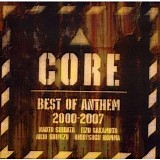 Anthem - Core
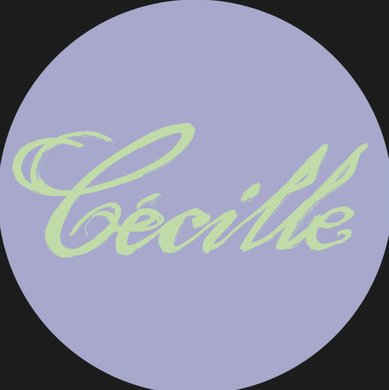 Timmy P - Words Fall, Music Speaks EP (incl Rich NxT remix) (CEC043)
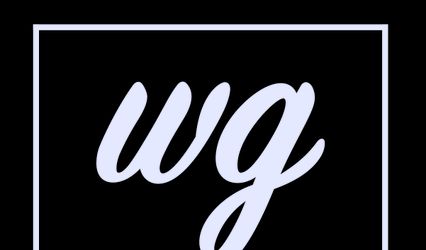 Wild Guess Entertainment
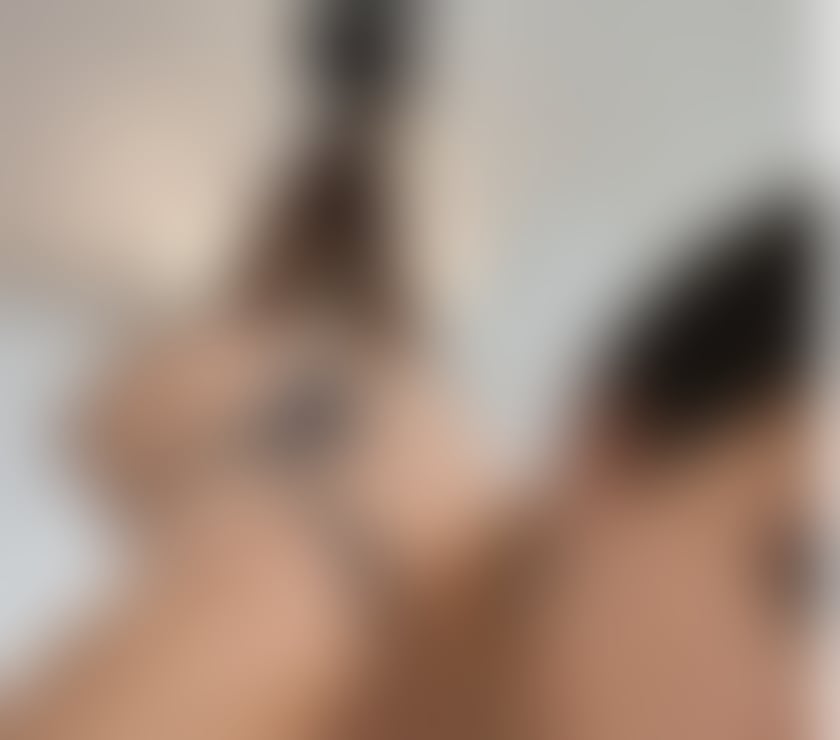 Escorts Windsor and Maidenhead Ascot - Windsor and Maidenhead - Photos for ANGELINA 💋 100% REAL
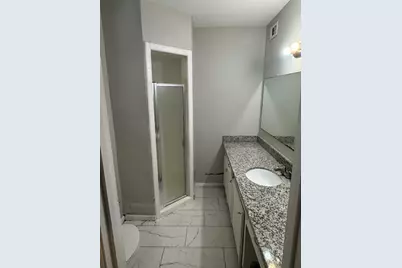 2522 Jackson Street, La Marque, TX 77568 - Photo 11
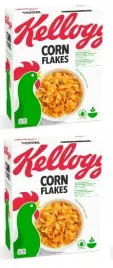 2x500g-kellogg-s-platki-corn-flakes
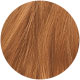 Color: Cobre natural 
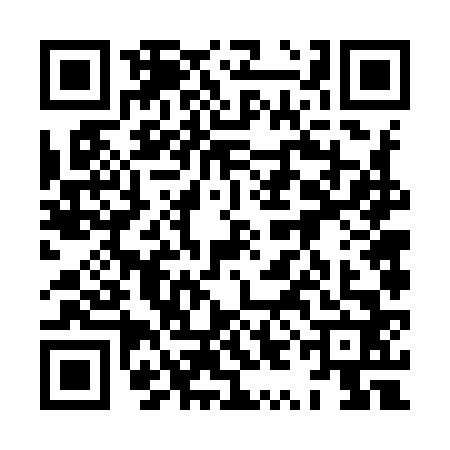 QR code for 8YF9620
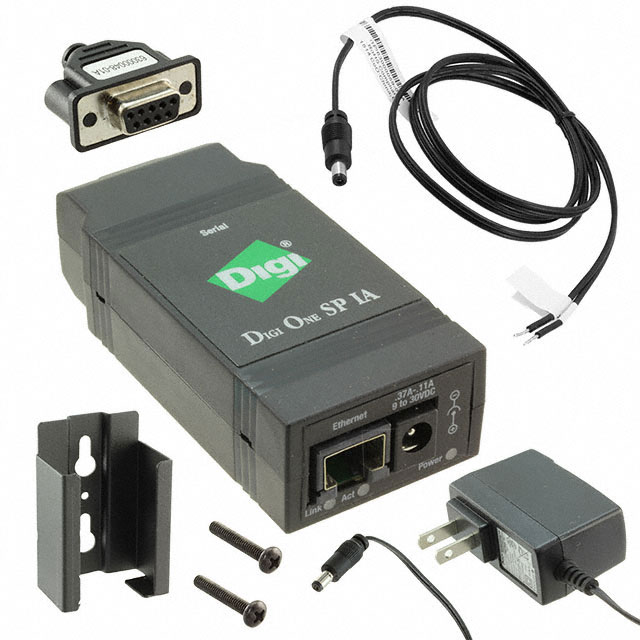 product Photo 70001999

===============

→ **WHAT TO WORK ON**
Extract the full listing above verbatim; pictures are to be left out of the copy.

→ **THE COMPLETED TASK**
 Anthem - Core
 Timmy P - Words Fall, Music Speaks EP (incl Rich NxT remix) (CEC043)
 Wild Guess Entertainment
 Escorts Windsor and Maidenhead Ascot - Windsor and Maidenhead - Photos for ANGELINA 💋 100% REAL
 2522 Jackson Street, La Marque, TX 77568 - Photo 11
 2x500g-kellogg-s-platki-corn-flakes
 Color: Cobre natural 
 QR code for 8YF9620
 product Photo 70001999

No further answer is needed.